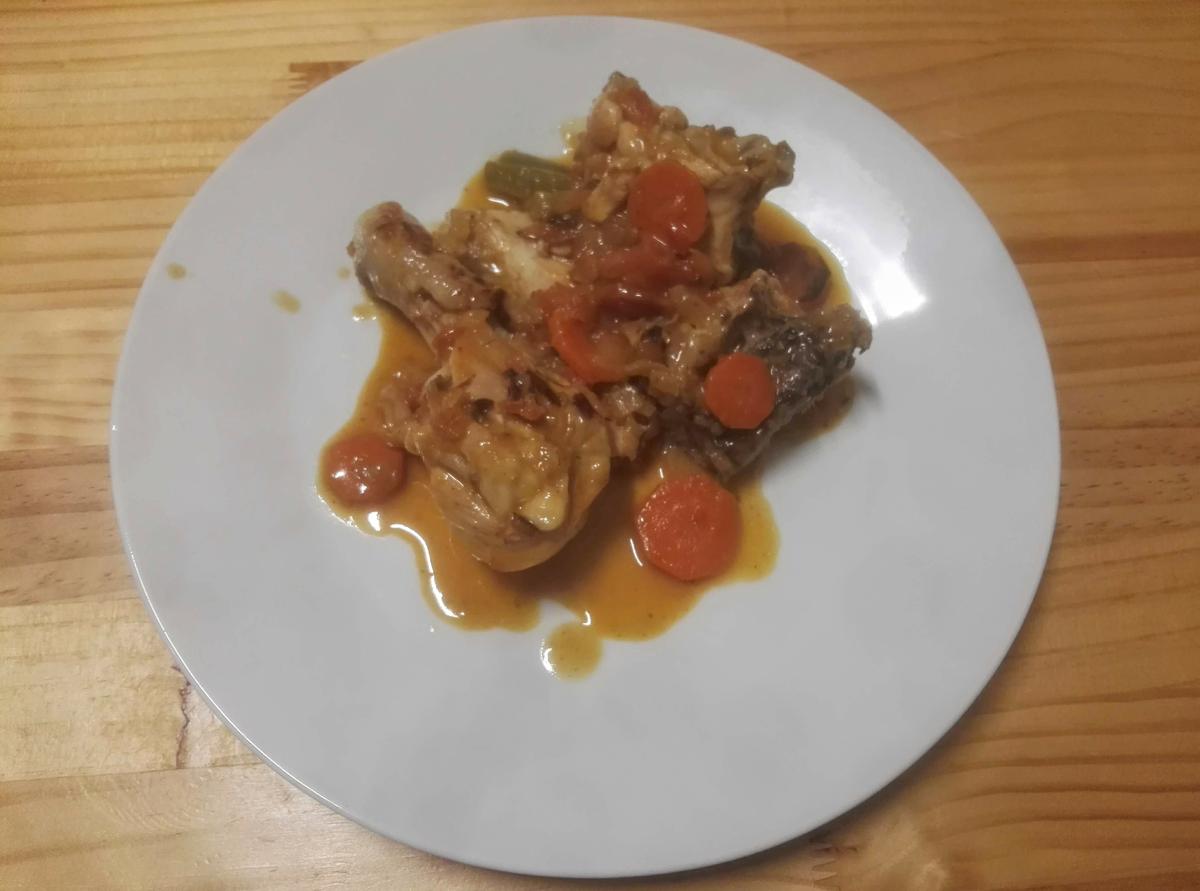 Pollo con tomate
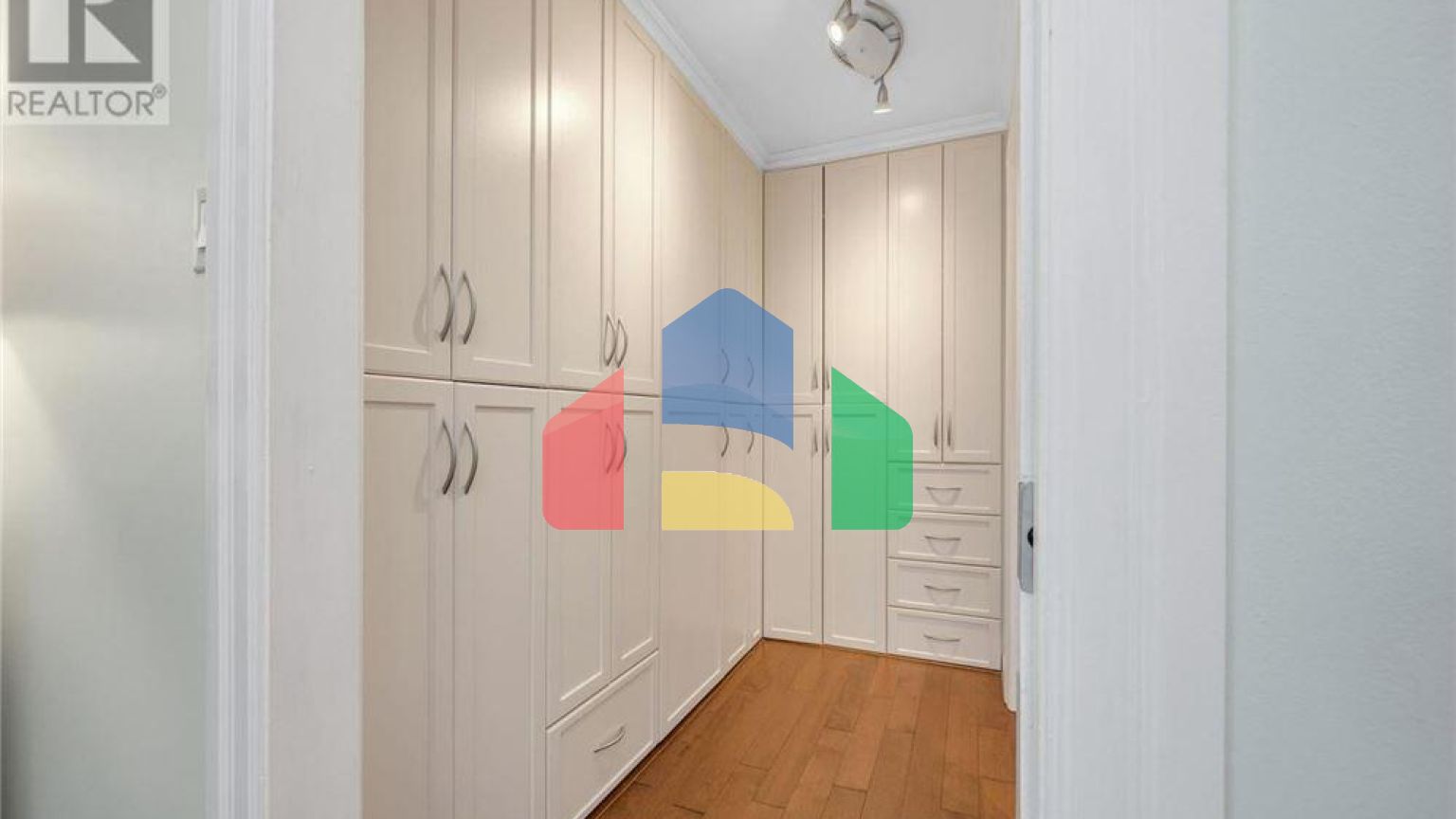 Residential - Condo/Apartment - Ottawa, Canada - Canada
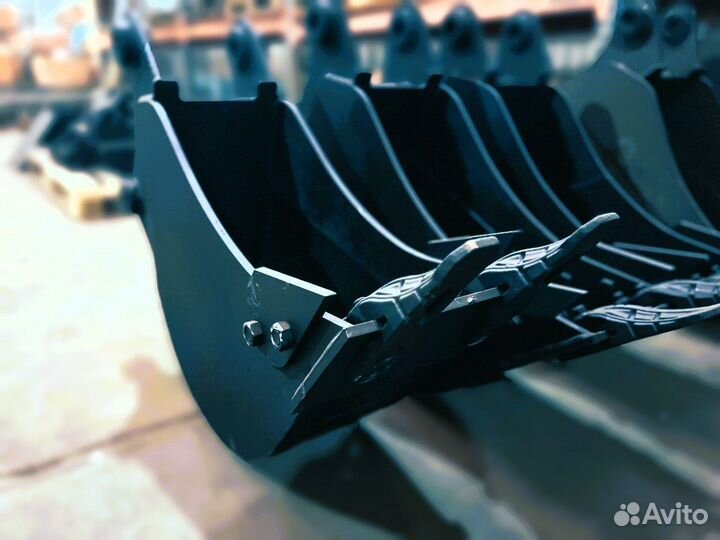Ковш 300для экскаватора погрузчика John Deere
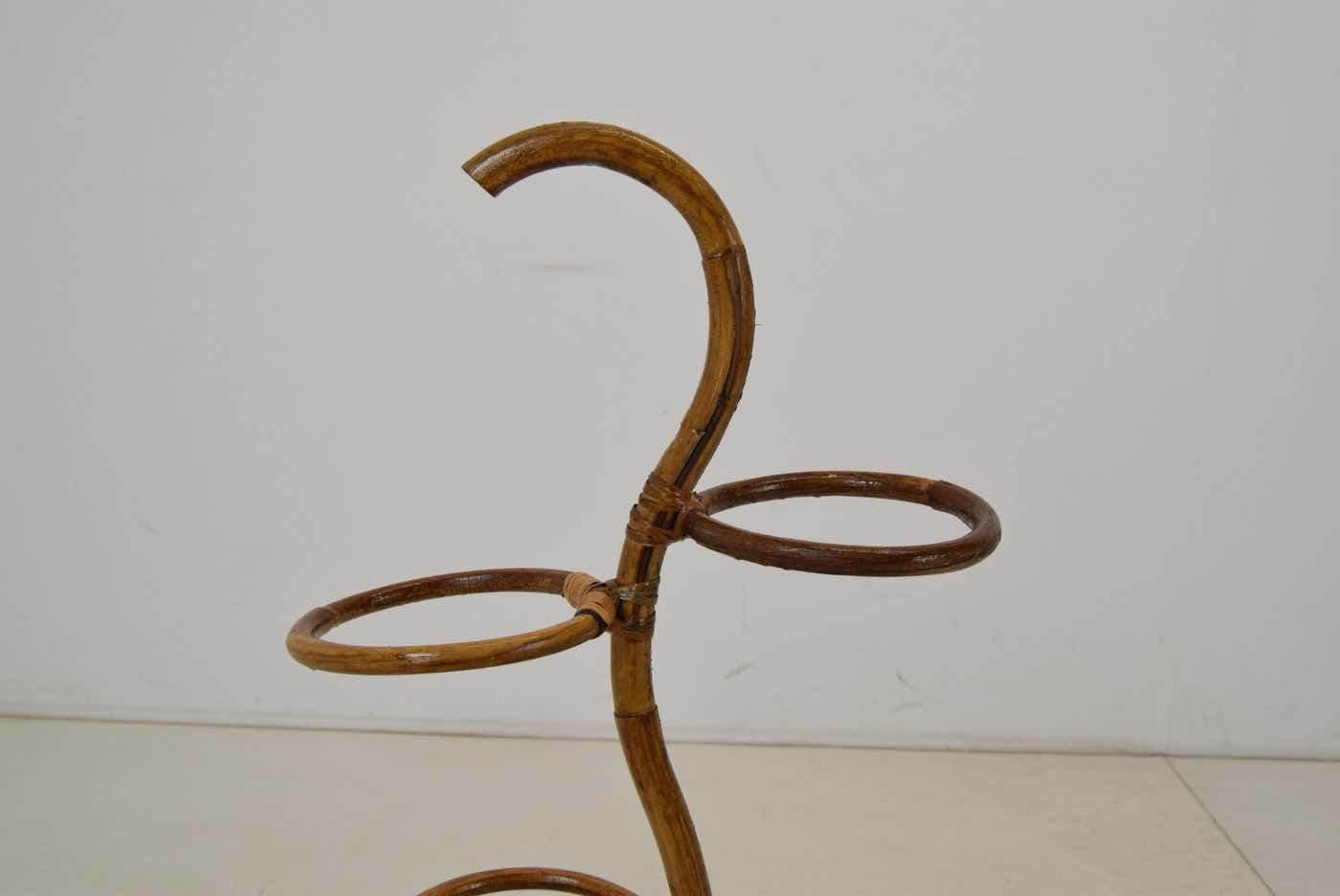 Mid Century Rattan And Bamboo Flower Stand, Bonaccina Attributed, 1950's photo vinterior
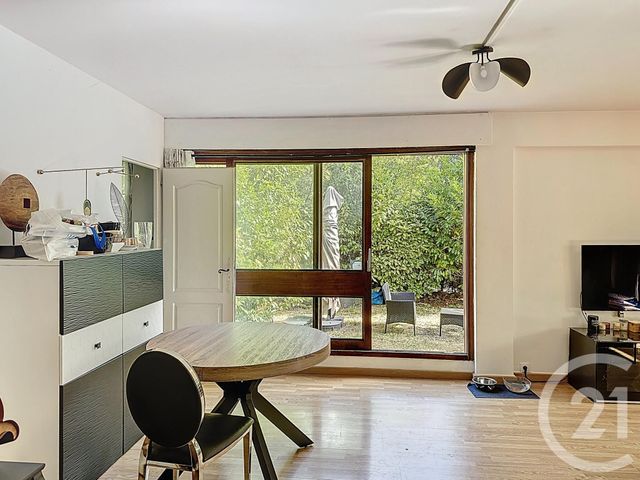 Appartement à vendre - 3 pièces - 60.63 m2 - LE CHESNAY ROCQUENCOURT - 78 - ILE-DE-FRANCE - Century 21 Fels Immobilier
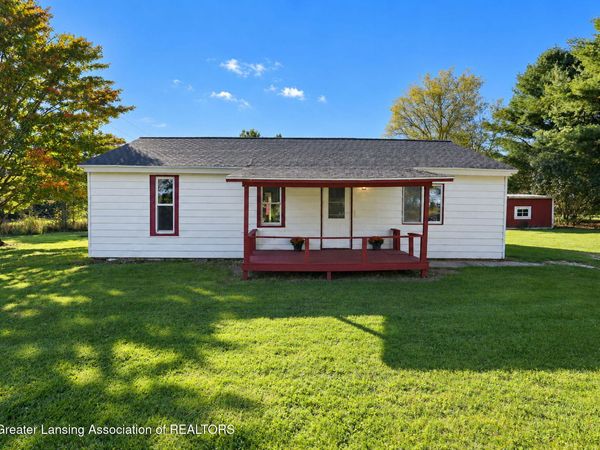 3620 S Meridian Road, Ovid, MI 48866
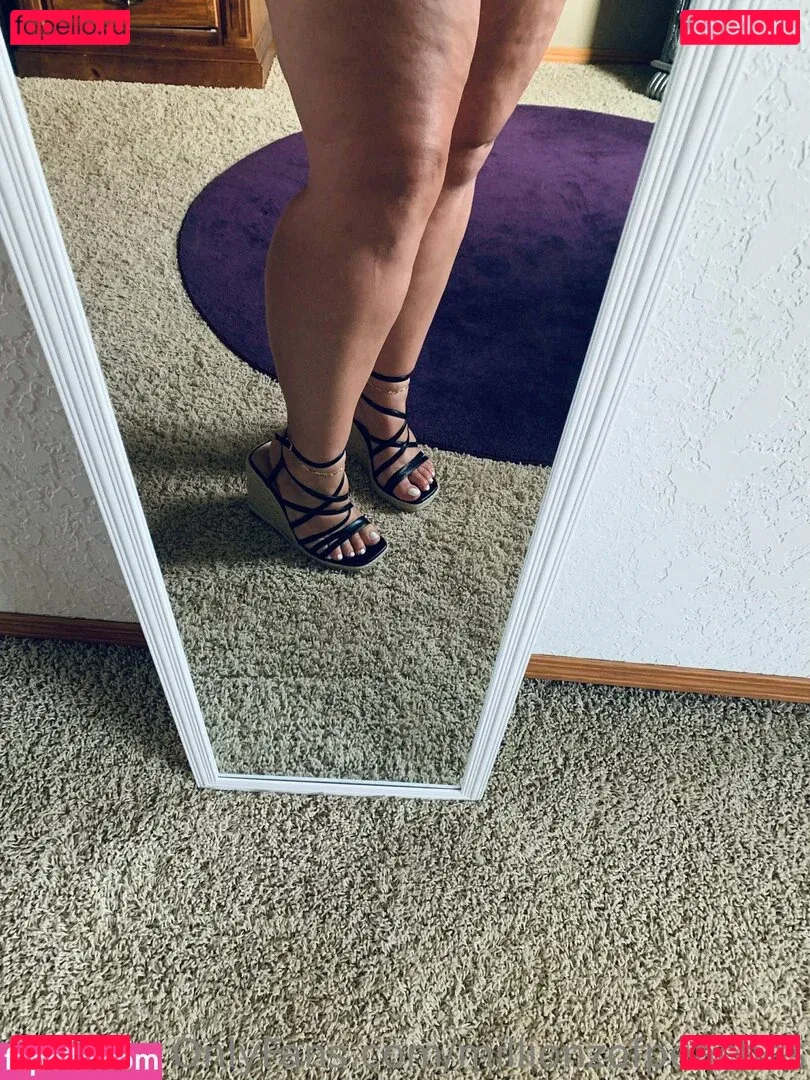 millionzofpeaches Onlyfans Photo Gallery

---

— Exercise brief —
Restate word for word each line from the one containing "Residential - Condo/Apartment" through the end of the material, pictures excluded.

— Output for this exercise —
 Residential - Condo/Apartment - Ottawa, Canada - Canada
Ковш 300для экскаватора погрузчика John Deere
 Mid Century Rattan And Bamboo Flower Stand, Bonaccina Attributed, 1950's photo vinterior
 Appartement à vendre - 3 pièces - 60.63 m2 - LE CHESNAY ROCQUENCOURT - 78 - ILE-DE-FRANCE - Century 21 Fels Immobilier
 3620 S Meridian Road, Ovid, MI 48866
 millionzofpeaches Onlyfans Photo Gallery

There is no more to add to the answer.